However, in the past three years, we have all become overacting Barney kids. When I am on Zoom, I find that I am often moving my arms and head to complement my words. When I speak, I gesture even more than I normally do (and I am a very expressive and physical speaker). I use Zoom backgrounds to communicate as well. Similarly, when I am wearing a mask, I compensate with the rest of my body. I work hard to “smize” and use my eyes to convey my emotions. Again, I find that I am using broad and exaggerated arm and hand gestures. My entire body tries to complement my eyes and communicate more than the semantic definitions of my words but their emotional meaning.
While the pandemic has not turned many of us into over-emoters like those kids on children’s television, it has also given us insight into their motives. I have been placed in this tiny box and all you can see is a piece of me. Half my face is covered and you don’t know if I am being sarcastic, simple, or mean. So I need to supplement my language with large gestures.
Our tone of voice often communicates a layer of meaning that our words alone cannot express. A mask muffles and obscures this. Zoom shrinks this. Thus, we need physical gestures to make sure that the most important meanings, the ones that are more powerful than mere denotation, to make it through these COVID-created barriers.
Has this turned us all into cheerleaders, spelling out each affirmation and encouragement? Not quite. Has this made us more aware of the limits of language and how easy it is to misinterpret and confuse? Certainly!
I’ll bet that most of us aren’t even aware that we are compensating this way. Like players of Charades, we are acting out the words and ideas in order to leap the linguistic, technological, and safety barriers. We want to be understood – really understood – in a way we took for granted just a few years ago.
Bring understood means clearly communicating through not only what we say, but also how we say it. We all know that people can say things that are complementary and positive if we read them, but can be brutal and cruel when spoken in a certain tone of voice. The reverse is also true. Some of us struggle to make sense of this kind of sarcasm. Gestures, facial expressions, and vocal tone are the keys to communicating it.
Communication that is only typed text lacks this context. There is no gesture or voice to a text or email. We add emojis or initialized shortcuts to indicate that we are just kidding (JK), rolling on the floor laughing (ROFL), or shaking our head (SMH). We instinctively know that our written words inadequately communicate important parts of our message and our reader needs help to comprehend all the levels of our meaning.

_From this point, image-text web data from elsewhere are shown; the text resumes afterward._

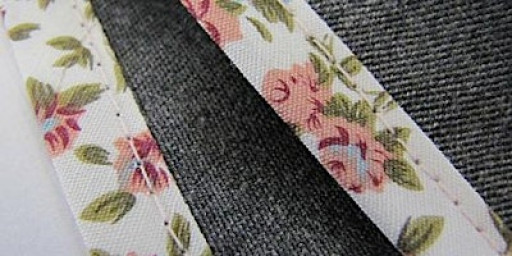 Bias Tape BONANZA and Piping Too!*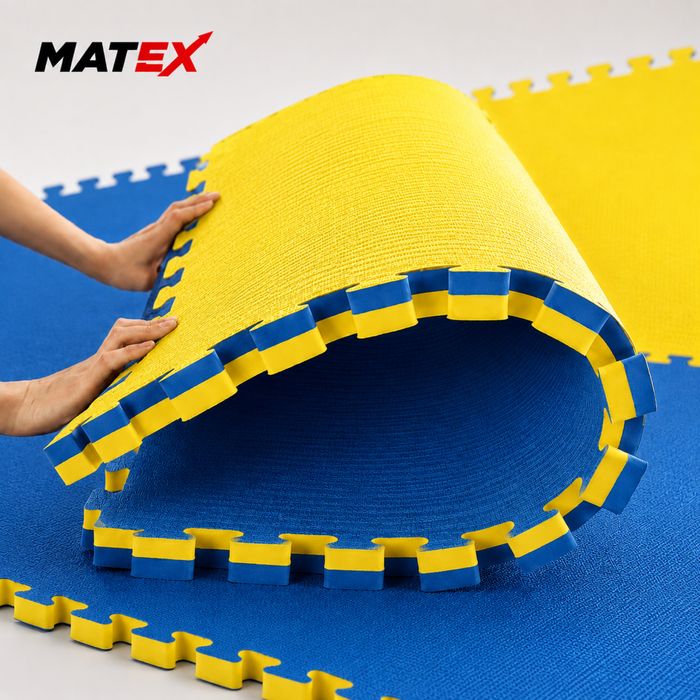 Premium Tatami 2 sm/ 2.5 sm /3 sm / 4 sm | Original Xitoy EVA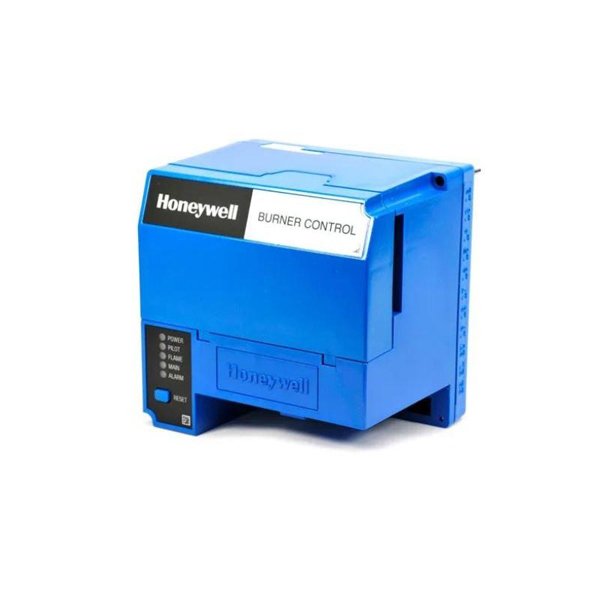 Honeywell RM7897C1000 Combustion Controller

This is also why we can find emails or text messages so problematic when the sender fails to recognize their tone and context. People take offense at texts that the sender thought were merely informational. Emails make the recipient feel horrible when the sender thought they were just being factual.
How we communicate is at the very least as important as what we communicate –probably it is more important. We cannot help but embed our emotions as we connect with each other, even if it is accidentally.
I do not like wearing a mask. I prefer to share a room IRL (in real life) with people rather than be placed in a Brady Bunch box on the screen. However, over the past three years, COVID has forced us to be more thoughtful about our communication, hone our nonverbal skills, and heightened our awareness of the meanings behind the words: the tone created by the intersection of our words and the physical gestures that accompany them.